Pacific Equity Partners has welcomed Kohlberg Kravis Roberts into its buyout proposal for SAI Global in Australia, local media has reported.
The two private equity firms are preparing a joint bid for the Australian compliance business after PEP’s A$1.1 billion ($1 billion; €758 million) proposal was rejected to open the offer to other potential buyers. A bid is expected by 15 July, media said.
SAI is an ASX-listed business, focusing on providing information services, risk management and compliance to companies globally. The business had recently terminated the contract of its chief executive due to his differences with the board.
KKR has been targeting Australia lately, the market being one of the key focus areas for its latest $6 billion Asia-dedicated fund.
Industry critics had questioned the firm’s ability to deploy such a large amount of capital – the most ever raised by a single private equity vehicle for the region – in Asia, but the firm had a strong deal pipeline in Australia and Japan, Asia’s most developed buyout markets, from its final close.
“We've seen activity in places like Australia, in terms of the pipeline being busy. Japan is looking a bit more active as well. It's hard to predict where that goes. But as that market opens up, there's meaningful opportunity there.

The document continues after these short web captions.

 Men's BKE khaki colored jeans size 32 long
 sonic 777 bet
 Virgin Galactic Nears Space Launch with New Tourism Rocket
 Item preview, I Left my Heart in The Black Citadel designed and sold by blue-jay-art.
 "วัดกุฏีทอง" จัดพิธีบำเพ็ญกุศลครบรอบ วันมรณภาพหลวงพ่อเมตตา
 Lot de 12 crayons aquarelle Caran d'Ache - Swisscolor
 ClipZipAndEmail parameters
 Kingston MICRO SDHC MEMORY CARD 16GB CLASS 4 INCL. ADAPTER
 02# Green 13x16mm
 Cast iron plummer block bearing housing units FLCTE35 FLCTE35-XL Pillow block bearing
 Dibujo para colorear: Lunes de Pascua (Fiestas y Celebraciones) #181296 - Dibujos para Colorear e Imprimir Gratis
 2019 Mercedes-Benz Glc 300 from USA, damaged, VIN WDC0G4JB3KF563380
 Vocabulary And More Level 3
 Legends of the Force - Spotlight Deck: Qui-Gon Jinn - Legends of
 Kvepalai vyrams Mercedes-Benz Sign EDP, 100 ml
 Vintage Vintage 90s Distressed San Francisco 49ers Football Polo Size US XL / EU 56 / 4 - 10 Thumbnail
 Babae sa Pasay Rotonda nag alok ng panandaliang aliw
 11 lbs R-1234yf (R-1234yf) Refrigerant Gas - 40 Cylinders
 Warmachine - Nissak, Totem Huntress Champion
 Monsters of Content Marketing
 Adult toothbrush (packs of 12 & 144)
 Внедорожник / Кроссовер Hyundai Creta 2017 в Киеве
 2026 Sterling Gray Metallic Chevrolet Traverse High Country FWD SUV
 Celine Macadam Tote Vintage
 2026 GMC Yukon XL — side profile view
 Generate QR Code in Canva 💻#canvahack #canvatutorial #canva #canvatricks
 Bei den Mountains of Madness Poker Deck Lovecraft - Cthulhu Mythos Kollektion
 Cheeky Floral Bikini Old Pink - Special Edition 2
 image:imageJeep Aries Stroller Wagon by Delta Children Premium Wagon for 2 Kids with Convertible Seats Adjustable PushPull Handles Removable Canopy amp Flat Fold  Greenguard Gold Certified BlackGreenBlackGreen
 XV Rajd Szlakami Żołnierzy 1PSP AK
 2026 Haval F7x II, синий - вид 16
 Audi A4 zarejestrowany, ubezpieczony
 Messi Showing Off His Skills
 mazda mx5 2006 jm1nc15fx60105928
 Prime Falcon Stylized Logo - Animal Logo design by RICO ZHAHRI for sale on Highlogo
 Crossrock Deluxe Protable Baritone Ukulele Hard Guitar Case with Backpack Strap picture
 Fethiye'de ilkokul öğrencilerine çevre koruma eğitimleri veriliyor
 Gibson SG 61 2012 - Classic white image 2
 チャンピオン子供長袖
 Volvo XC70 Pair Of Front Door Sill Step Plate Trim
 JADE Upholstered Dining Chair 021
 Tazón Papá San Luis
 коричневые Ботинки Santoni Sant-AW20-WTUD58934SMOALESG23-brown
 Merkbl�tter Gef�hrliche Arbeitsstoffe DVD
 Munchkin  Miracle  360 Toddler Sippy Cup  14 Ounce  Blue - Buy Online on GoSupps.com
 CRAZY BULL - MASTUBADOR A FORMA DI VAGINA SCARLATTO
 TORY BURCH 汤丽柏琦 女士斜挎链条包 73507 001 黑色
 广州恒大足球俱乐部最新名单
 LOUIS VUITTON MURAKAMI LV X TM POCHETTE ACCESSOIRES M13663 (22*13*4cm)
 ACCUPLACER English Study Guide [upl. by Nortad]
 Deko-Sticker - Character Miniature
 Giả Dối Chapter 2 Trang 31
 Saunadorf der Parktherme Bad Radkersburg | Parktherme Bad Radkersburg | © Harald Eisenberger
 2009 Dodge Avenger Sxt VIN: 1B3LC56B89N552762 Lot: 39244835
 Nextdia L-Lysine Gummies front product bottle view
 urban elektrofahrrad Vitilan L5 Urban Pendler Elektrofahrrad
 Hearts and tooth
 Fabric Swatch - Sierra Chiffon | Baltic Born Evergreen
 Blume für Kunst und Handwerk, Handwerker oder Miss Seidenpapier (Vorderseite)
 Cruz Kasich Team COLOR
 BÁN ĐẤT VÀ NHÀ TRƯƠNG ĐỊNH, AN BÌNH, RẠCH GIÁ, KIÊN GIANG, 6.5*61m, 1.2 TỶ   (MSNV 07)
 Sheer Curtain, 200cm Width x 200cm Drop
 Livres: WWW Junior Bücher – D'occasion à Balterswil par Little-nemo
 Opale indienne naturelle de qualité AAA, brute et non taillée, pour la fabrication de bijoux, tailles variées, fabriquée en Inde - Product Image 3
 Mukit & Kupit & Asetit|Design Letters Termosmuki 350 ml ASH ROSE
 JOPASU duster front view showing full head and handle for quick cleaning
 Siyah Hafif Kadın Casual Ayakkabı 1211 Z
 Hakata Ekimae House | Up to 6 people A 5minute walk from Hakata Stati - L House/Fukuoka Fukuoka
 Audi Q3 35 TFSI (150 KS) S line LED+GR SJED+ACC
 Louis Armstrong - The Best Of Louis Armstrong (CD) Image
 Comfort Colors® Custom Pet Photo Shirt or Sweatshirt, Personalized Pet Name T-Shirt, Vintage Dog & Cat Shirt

So I'd say the pipeline is strong and broad-based,” Scott Nuttall, head of KKR’s global capital and asset management group, said in an earnings call in July last year.
However, in May 2014 the firm was served a disappointing blow as a A$3.1 billion offer for Australia’s Treasury Wines was rejected due to KKR allegedly breaking confidentiality agreements by contacting Treasury Wine shareholders, Private Equity International reported earlier.
The firm has had more success in Japan, though, recently closing a $1.67 billion buyout of Panasonic Healthcare – successfully completing a corporate carve-out from one of Japan’s iconic corporations.